*Exercise goal*
The records below must be transcribed exactly. Do not include the pictures.

[Web page caption snippets]
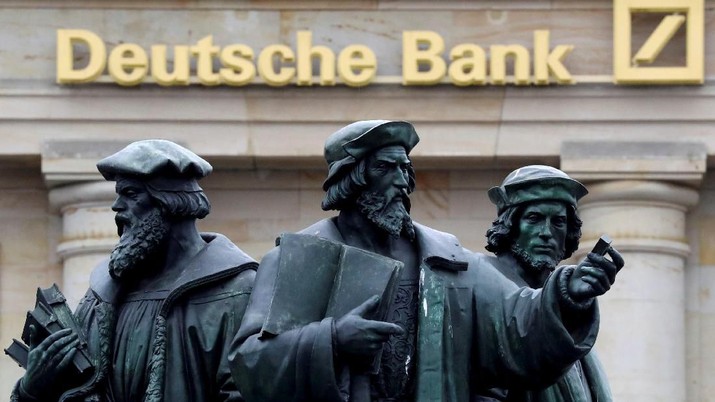 FILE PHOTO: A statue is pictured next to the logo of Germany's Deutsche Bank in Frankfurt, Germany, September 30, 2016. REUTERS/Kai Pfaffenbach/File Photo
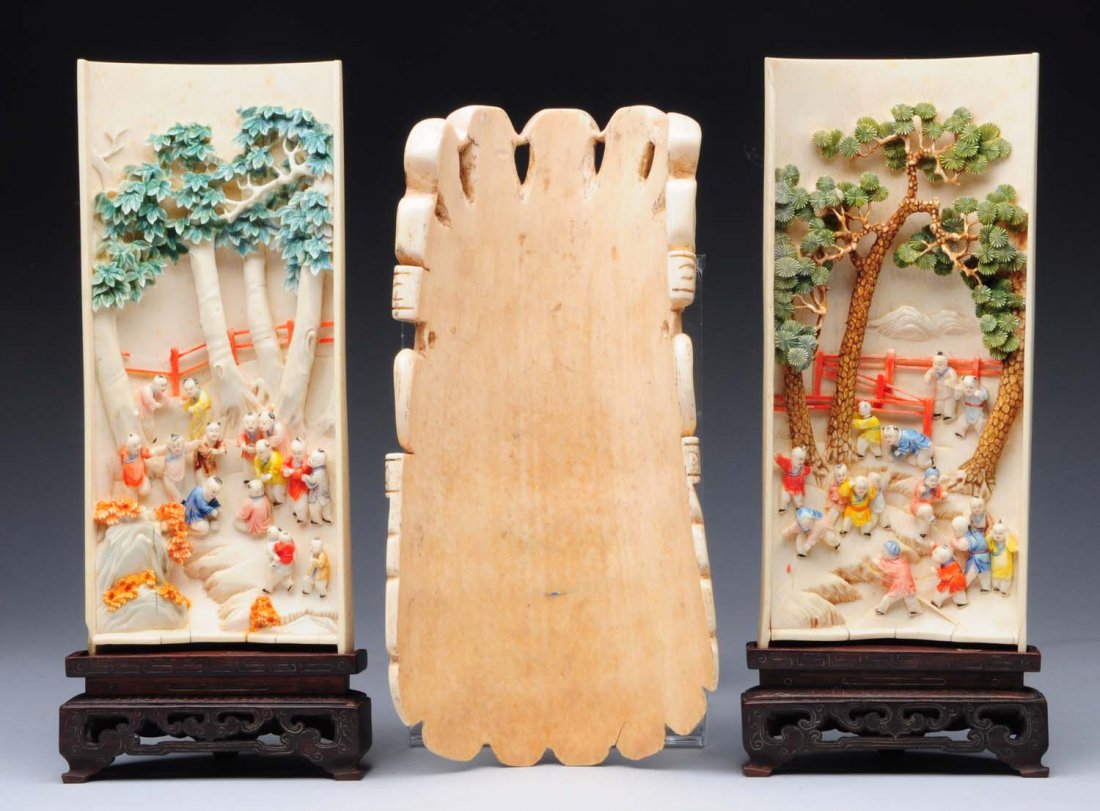 Lot Of 3: Ivory Pieces.: This lot includes two ivory panels with tree motifs and a carved ivory mask. Some cracking to the mask. Condition (Very Good Plus). Size Largest :8 -1/2" L.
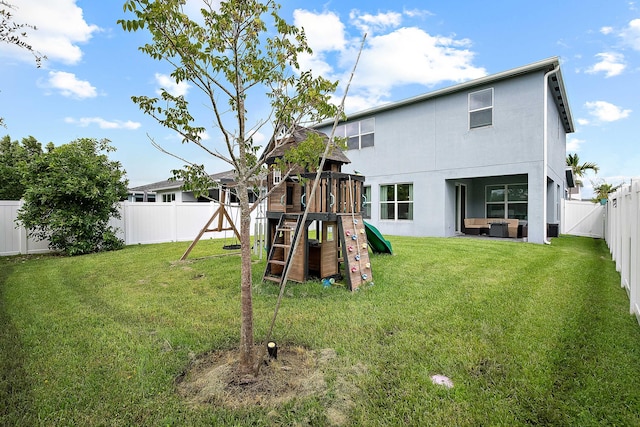 rear view of property with a yard, an outdoor hangout area, and a playground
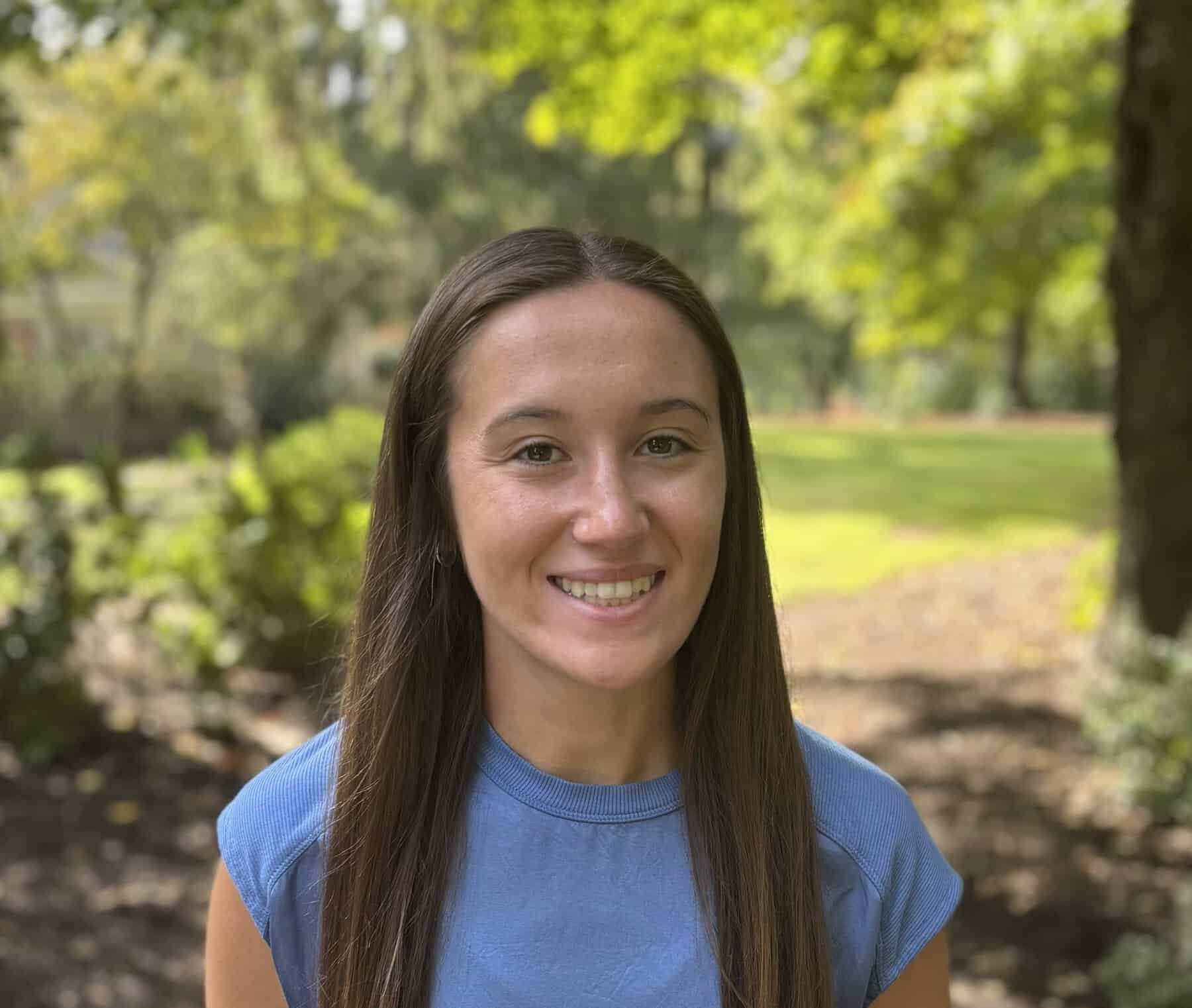 A young woman with brunette hair smiling. She is wearing a blue t-shirt. Standing on the sidewalk on a sunny day with the trees and bushes still having green leaves.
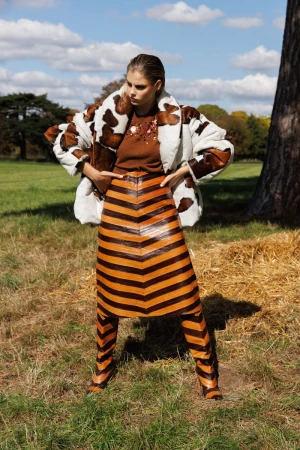 Model standing in a grassy field wearing a cow-print coat, brown knit top, striped skirt, and matching knee-high boots.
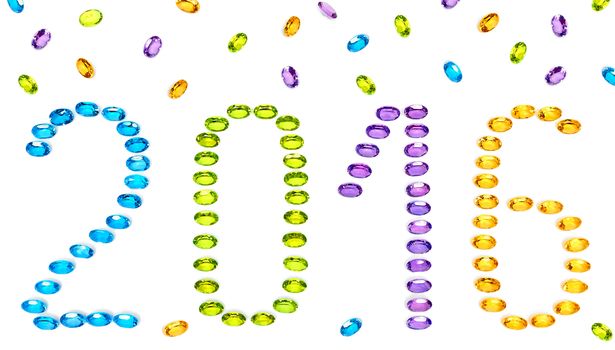 New Year 2016. Christmas. Jewelry digits, colorful precious stones placer closeup isolated. Gems Topaz, Amethyst, Citrine, Peridot, vivid multicolored unusual greeting card. Sparkling happy holiday 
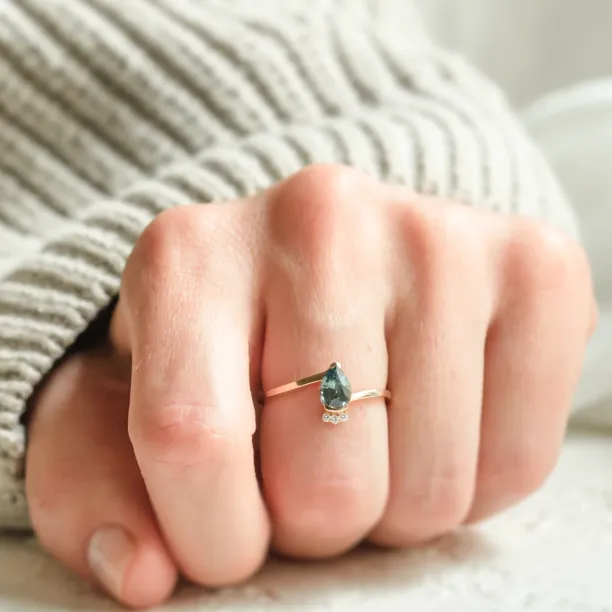 LEAH ring with a pear-shaped teal sapphire and diamonds worn on the hand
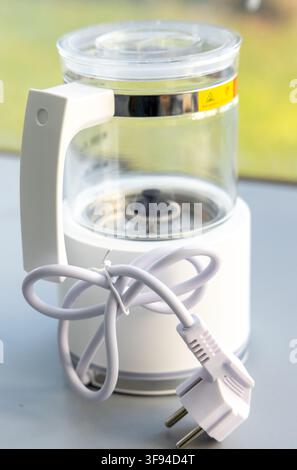 A small white electric kettle with a transparent glass body Stock Photo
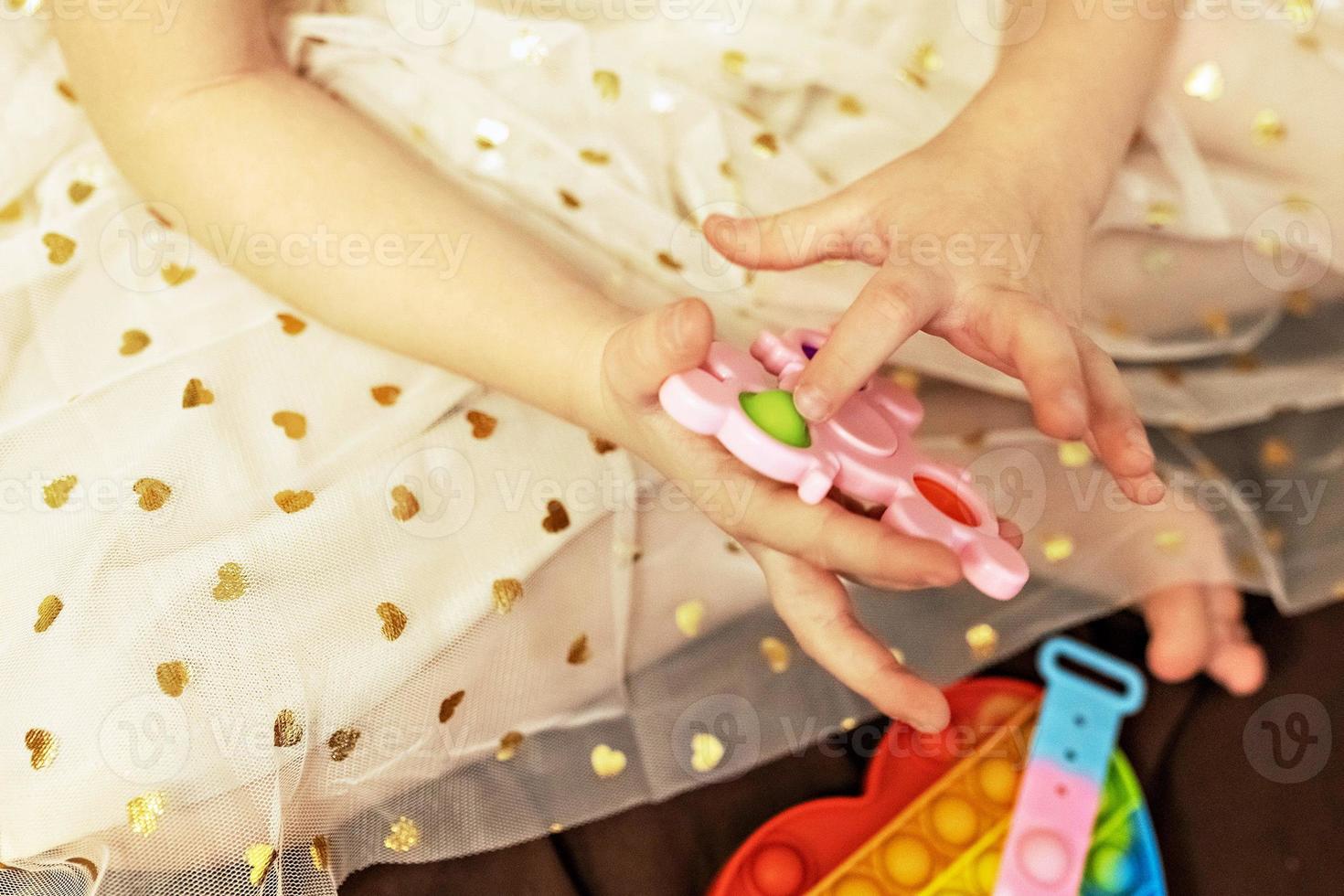 Pop it is a multi-colored anti-stress toy in children's hands. Bubble game. Antistress toys. photo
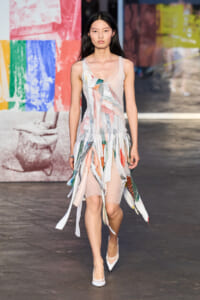 Model walking runway in a sheer, multi-colored fringe dress with white heels; colorful wall backdrop behind her.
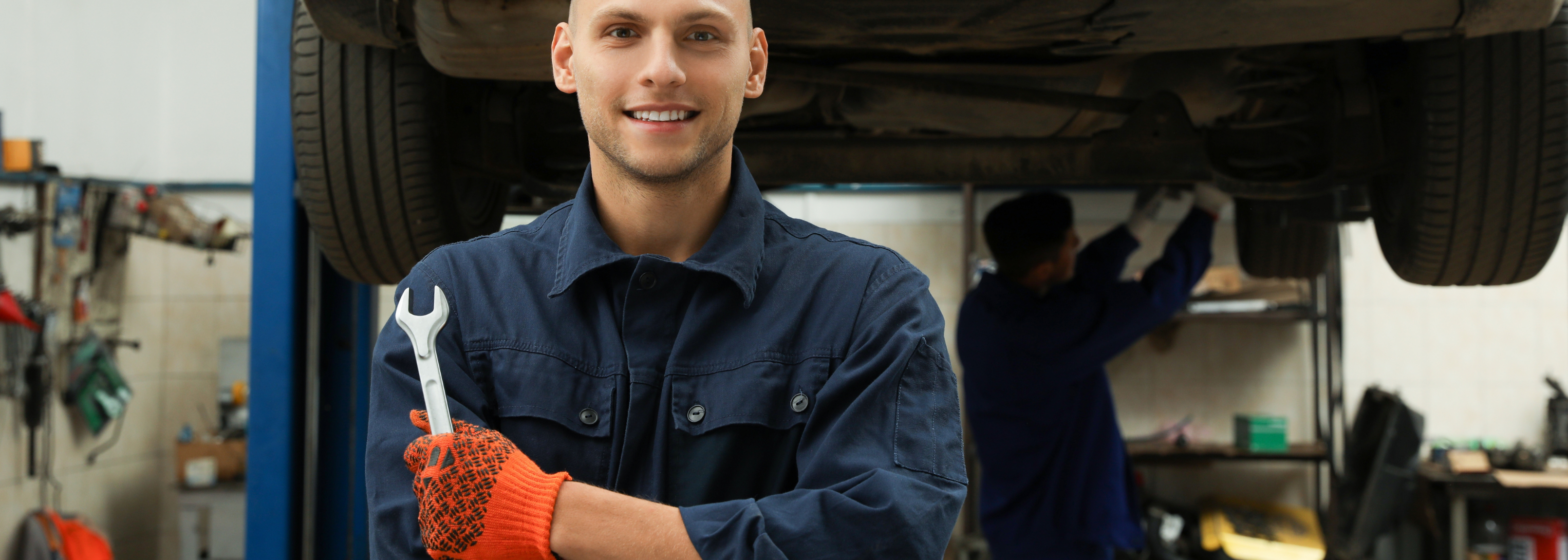 Porträt von professionellen Mechanikern mit Schraubschlüssel in der Kfz-Werkstatt.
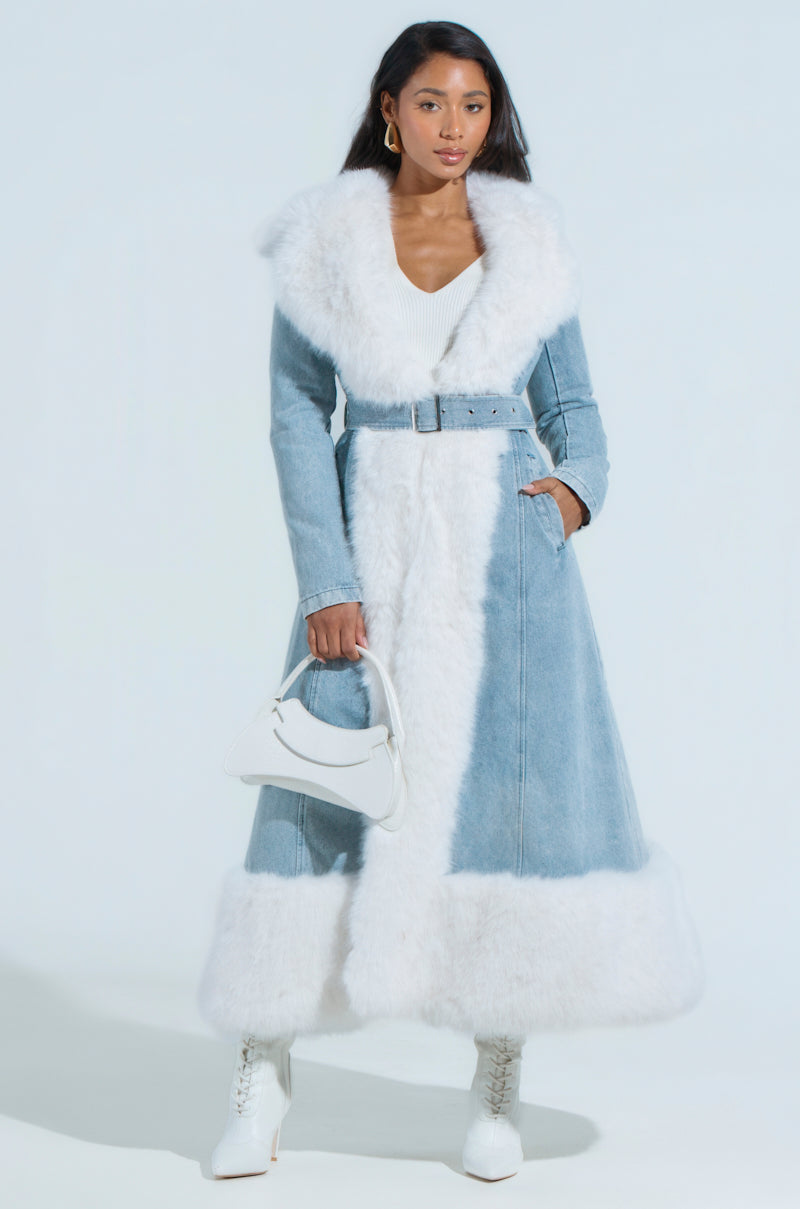 A person poses against a light blue background wearing the VIVIAN FUR TRIM COAT IN DENIM, featuring a faux fur trim and adjustable waist belt. They pair it with white high-heeled boots, hold a small white handbag, and have long hair.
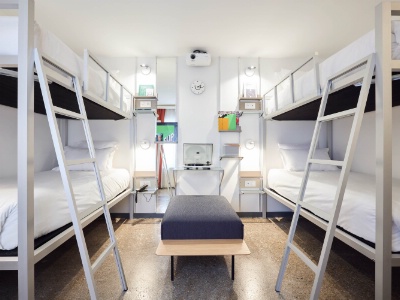 Rétroprojecteur, écran de 150 x 200 cm et Google Chromecast dans une chambre-dortoir de l'hôtel French Theory, à Paris.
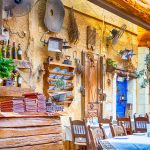 Classic Cretan open Air Restaurant in Chania with Served Tables and Artistically Decorated Walls. Horizontal Image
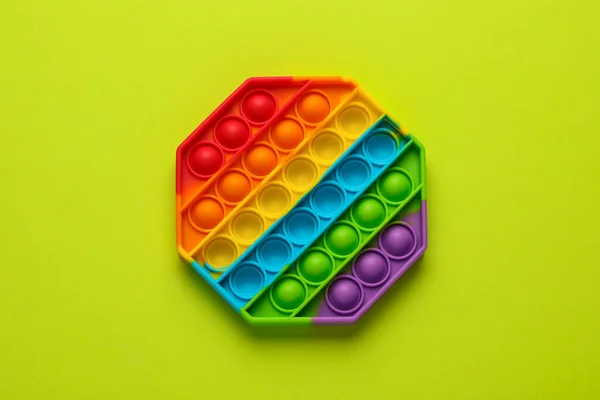 Rainbow Pop Fidget Toy Light Green Background Top View — Stock Photo, Image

*Answer section*
 FILE PHOTO: A statue is pictured next to the logo of Germany's Deutsche Bank in Frankfurt, Germany, September 30, 2016. REUTERS/Kai Pfaffenbach/File Photo
 Lot Of 3: Ivory Pieces.: This lot includes two ivory panels with tree motifs and a carved ivory mask. Some cracking to the mask. Condition (Very Good Plus). Size Largest :8 -1/2" L.
 rear view of property with a yard, an outdoor hangout area, and a playground
 A young woman with brunette hair smiling. She is wearing a blue t-shirt. Standing on the sidewalk on a sunny day with the trees and bushes still having green leaves.
 Model standing in a grassy field wearing a cow-print coat, brown knit top, striped skirt, and matching knee-high boots.
 New Year 2016. Christmas. Jewelry digits, colorful precious stones placer closeup isolated. Gems Topaz, Amethyst, Citrine, Peridot, vivid multicolored unusual greeting card. Sparkling happy holiday 
 LEAH ring with a pear-shaped teal sapphire and diamonds worn on the hand
 A small white electric kettle with a transparent glass body Stock Photo
 Pop it is a multi-colored anti-stress toy in children's hands. Bubble game. Antistress toys. photo
 Model walking runway in a sheer, multi-colored fringe dress with white heels; colorful wall backdrop behind her.
 Porträt von professionellen Mechanikern mit Schraubschlüssel in der Kfz-Werkstatt.
 A person poses against a light blue background wearing the VIVIAN FUR TRIM COAT IN DENIM, featuring a faux fur trim and adjustable waist belt. They pair it with white high-heeled boots, hold a small white handbag, and have long hair.
 Rétroprojecteur, écran de 150 x 200 cm et Google Chromecast dans une chambre-dortoir de l'hôtel French Theory, à Paris.
 Classic Cretan open Air Restaurant in Chania with Served Tables and Artistically Decorated Walls. Horizontal Image
 Rainbow Pop Fidget Toy Light Green Background Top View — Stock Photo, Image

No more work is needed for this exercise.